Given information: Begin
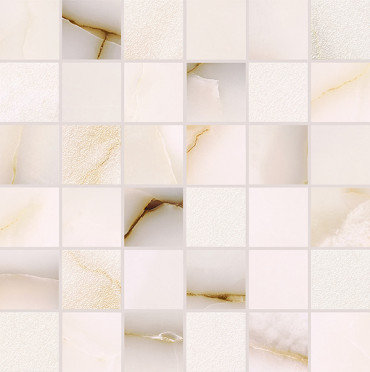 Мозаика Rosa Portogallo Mosaic 30x30 от Eletto Ceramica (Россия)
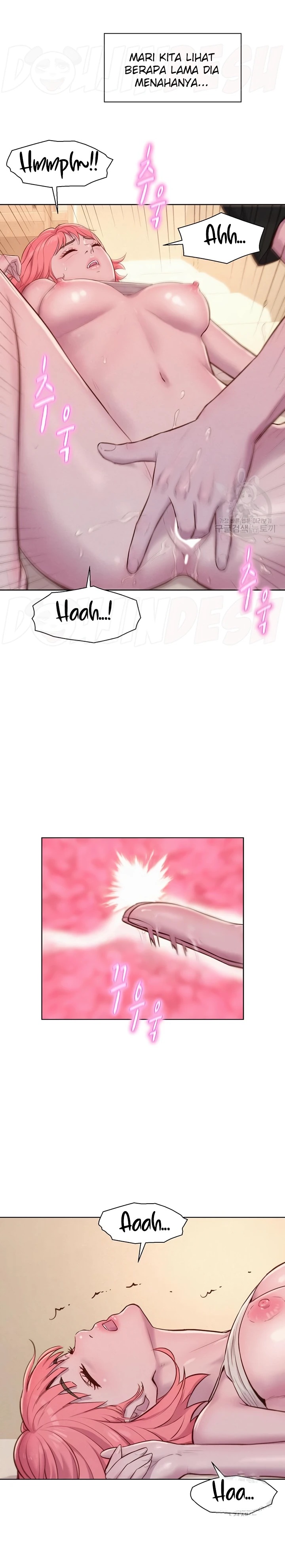 Camping Raw - Chapter 67 Page 8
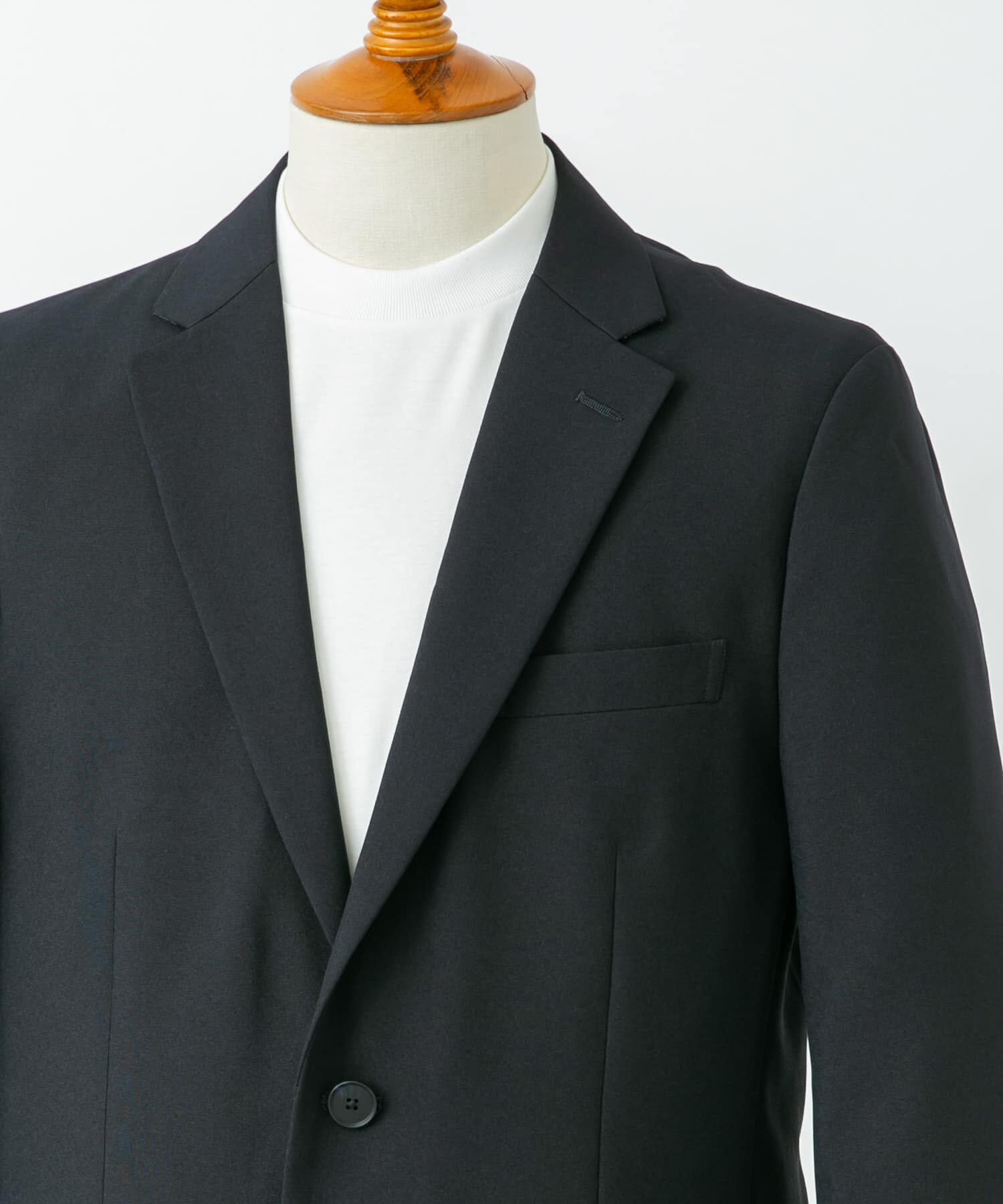 URBAN RESEARCH DOORS「LIFE STYLE TAILOR　ファブリーズジャケット」|その他|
Given information: End
Instructions to follow.
When an image appears in the data, skip it and output the rest exactly.

Answer for this exercise.
 Мозаика Rosa Portogallo Mosaic 30x30 от Eletto Ceramica (Россия)
 Camping Raw - Chapter 67 Page 8
 URBAN RESEARCH DOORS「LIFE STYLE TAILOR　ファブリーズジャケット」|その他|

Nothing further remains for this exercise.